Idem, Portugal/Alemanha/Brasil/França, 2012. Direção: Miguel Gomes. Roteiro: Miguel Gomes e Mariana Ricardo. Elenco: Laura Soveral, Teresa Madruga, Isabel Cardoso, Ana Moreira, Carloto Cotta, Henrique Espírito Santo, Ivo Muller, Manuel Mesquita. Duração: 118 min.
Existem três linhas bem claras que o talentoso Miguel Gomes procura estabelecer na obra-prima Tabu: a exploração, a mudança social drástica e, um fator de união entre esses dois fatores, a crise econômica portuguesa. Não à toa, o diretor divide em duas partes o seu longa-metragem: o paraíso e o paraíso perdido – num contraste social claro acerca da condição de uma simples senhora de idade: Aurora, que conta os seus dias até, finalmente, poder descansar em paz.

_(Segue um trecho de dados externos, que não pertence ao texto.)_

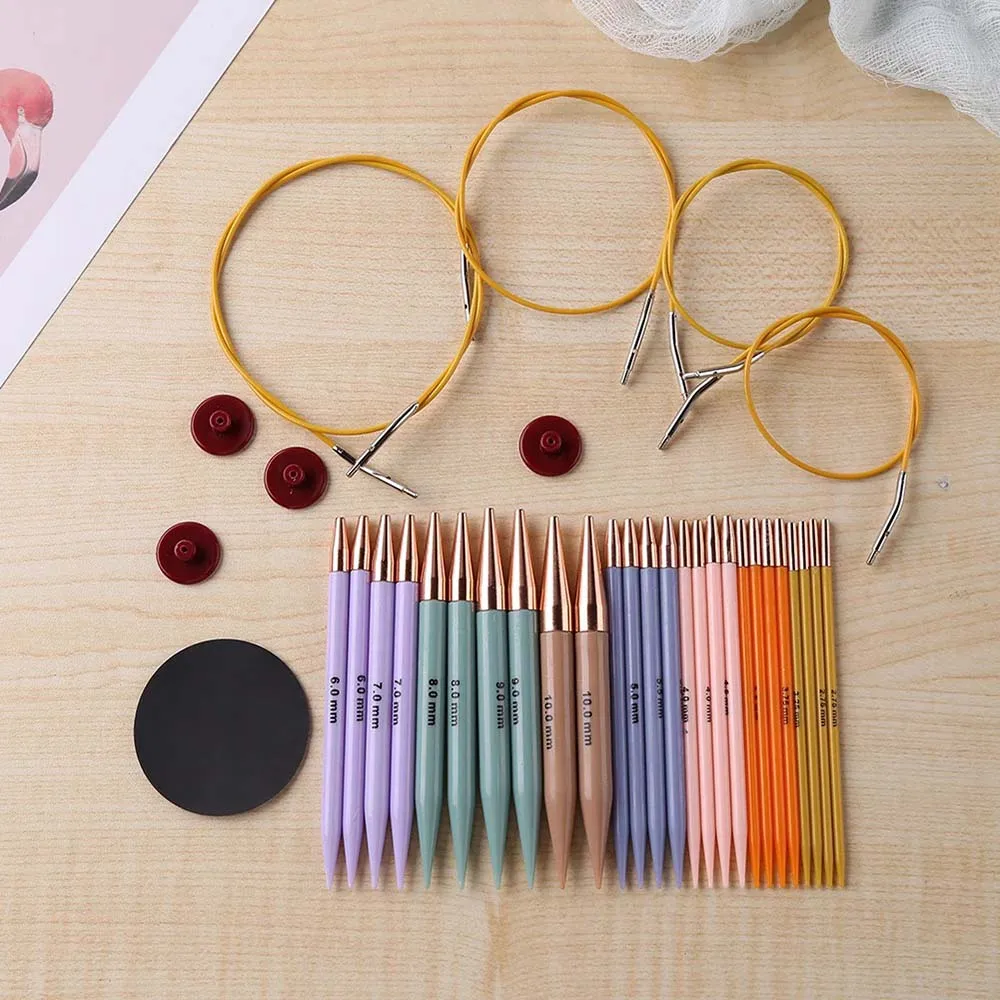 13 Pair Crochet Hook Interchangeable Circular Knitting Needles Set  DIY Art Craft Weaving Sewing Stitches Tool For Beginner Gift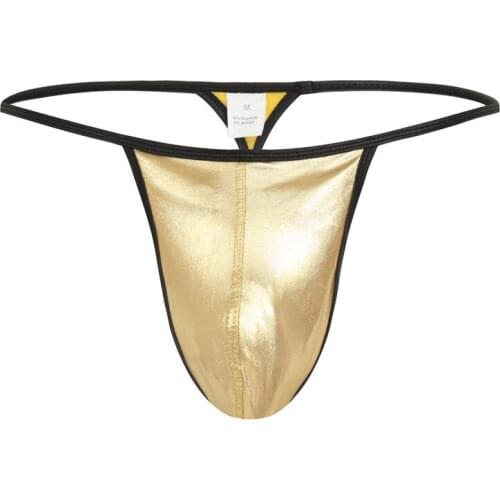 Male Thongs Penis Pouch Faux Leather Underwear Sexy Men Low Rise Thong G String Bikini Gay Man T-back Tanga hombre Jockstrap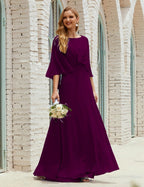 Sunnderly  Bridesmaid Dress Women Long Sleeve V-Neck Chiffon Formal Wedding Party Dress SY28018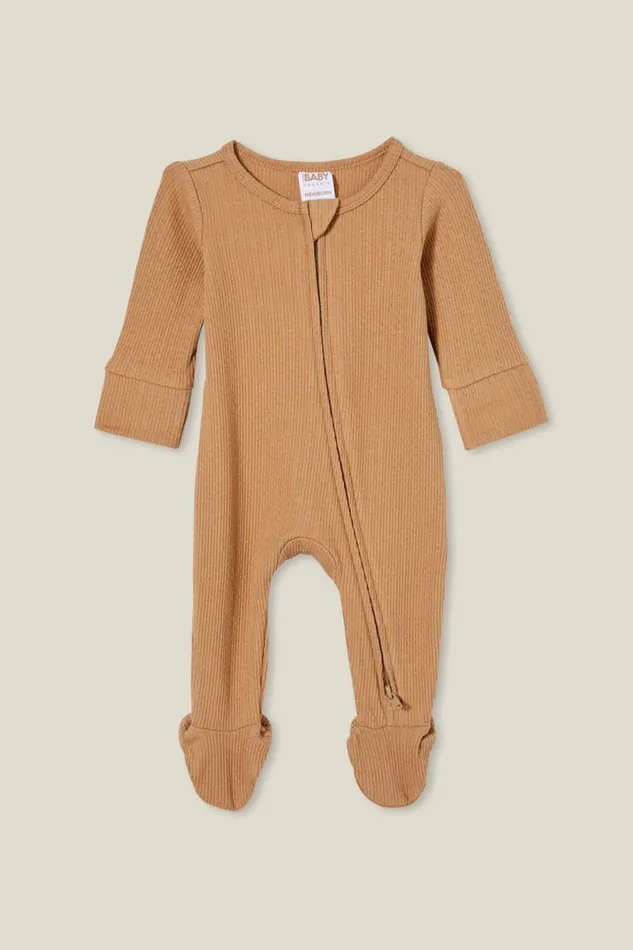 Organic Pointelle Zip All In One Romper Taupy Brown Baby Cotton On Rompers and Bubbysuits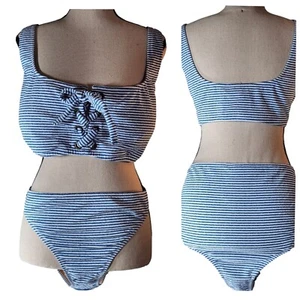 J Crew Women’s NEW Blue & White Striped Lace-Up Bathing Suit Bikini Set-Size 3X - Picture 1 of 19
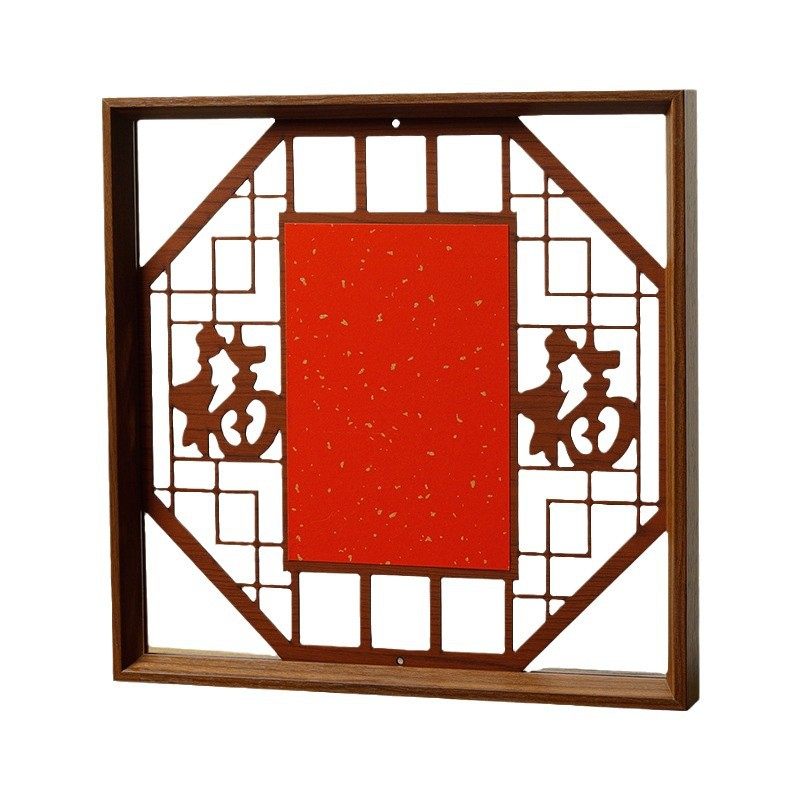 Calligraphy frame calligraphy frame frame mounting frame wooden hollow carving frame gold blank red paper manufacturers wholesale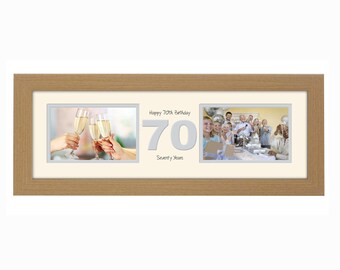 70th Photo Frame Word 70th Birthday Photo Frame Special Gift Two Box 6"x4" 1228A By Photos in a word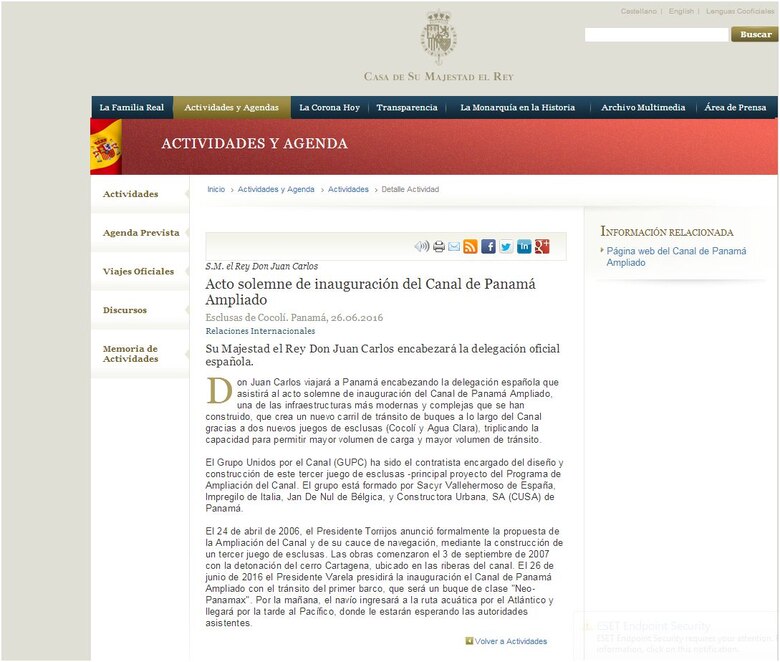 Juan Carlos I de España confirma su presencia en inauguración de la ampliación del Canal de Panamá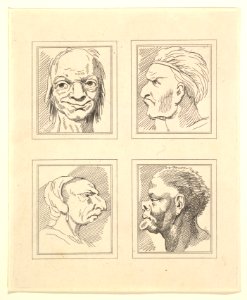 Four Heads (from Characaturas by Leonardo da Vinci, from Drawings by Wincelslaus Hollar, out of the Portland Museum) MET DP824113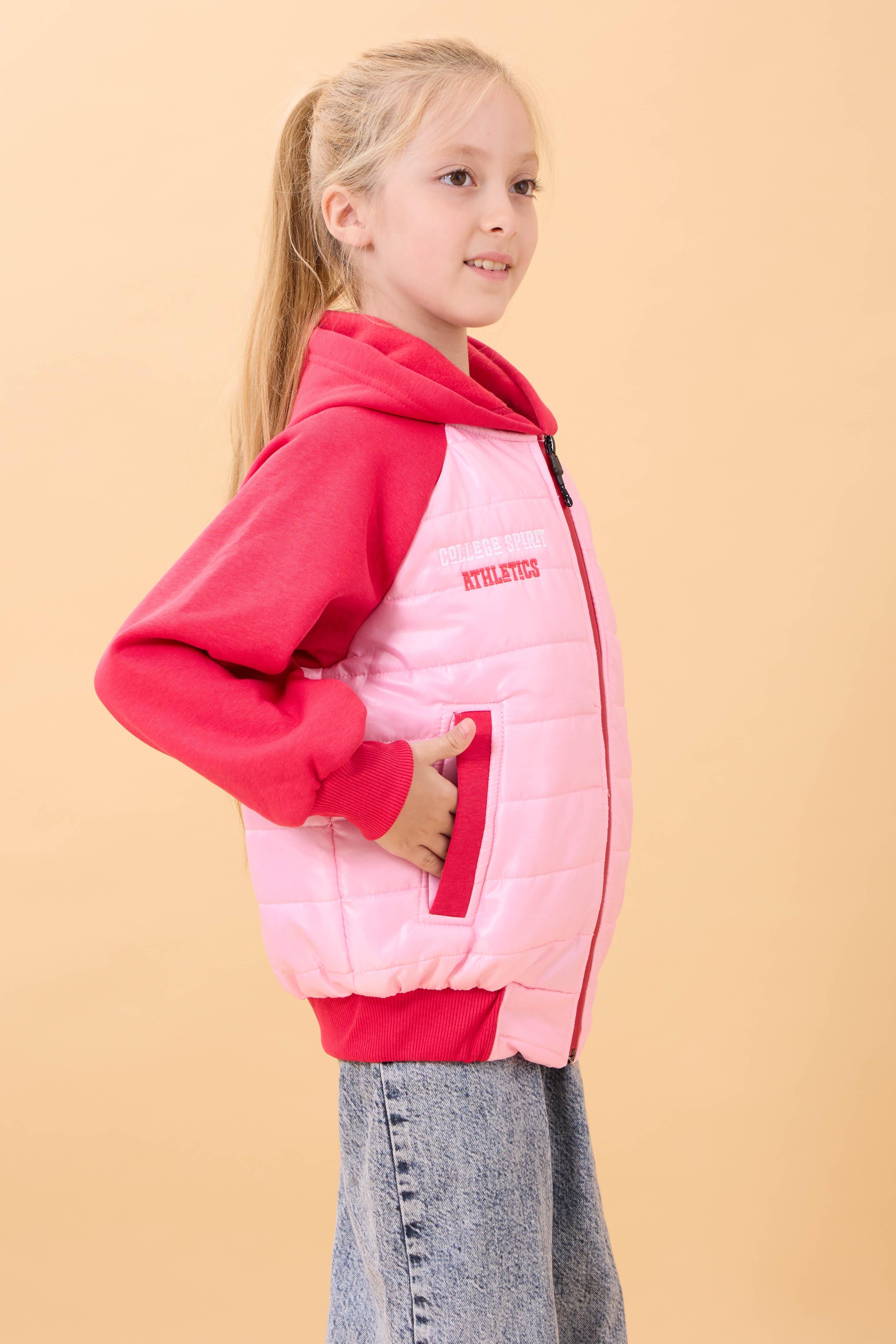 Kız Çocuk İçi Peluşlu Kapüşonlu Kapitone Kolej Ceket – Pembe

E é a partir da melancolia de um paraíso perdido, onde Aurora vive a base de comprimidos para dormir e um contraluz indica que a esperança só é vista do lado de fora daquele “lar”, que Gomes escancara a condição infeliz de nossa protagonista. A pergunta é óbvia: como essa mulher pode ter chegado a esse ponto de depressão e auto-opressão? Nesse aspecto, a fotografia em P&B de Rui Poças apresenta eficientemente a tristeza daquela realidade, além de realizar um contraste gritante na segunda parte da narrativa, onde faz questão de mostrar, aos poucos, a ausência de cor e torna a imagem mais granulada, quase em tom documental – o que oferece um grande significado com a narração em off presente nesse instante.
Miguel Gomes, por sua vez, move sua câmera quase de forma gentil, aconchegante, com planos centrais e longos, seguindo apenas os personagens. São as pessoas que importam para ele. Todas elas são complexas. Santa, por exemplo, parece-nos por momentos alguém que desperta desconfiança ao usar a filha de Aurora sempre quando deseja explicar alguma ação; porém, minutos depois, observamos a sua preocupação ao visualizarmos ela sem saber o que fazer e pedindo ajuda para Pilar (“a senhora se sente mal!”). Aliás, todos os personagens têm seus conflitos, inclusive, quem pouco aparece ou é apenas citado: como a filha de Aurora, que é dona de um ressentimento visível, pois nem ao enterro comparece; já Pilar procura alguma forma de esquecer os seus próprios problemas, concentrando-se a sua volta: o cinema é o único momento em se permite sentir suas próprias emoções. Até mesmo ao estar acompanhada nos cinemas, sente-se isolada do mundo, pois o outro dorme.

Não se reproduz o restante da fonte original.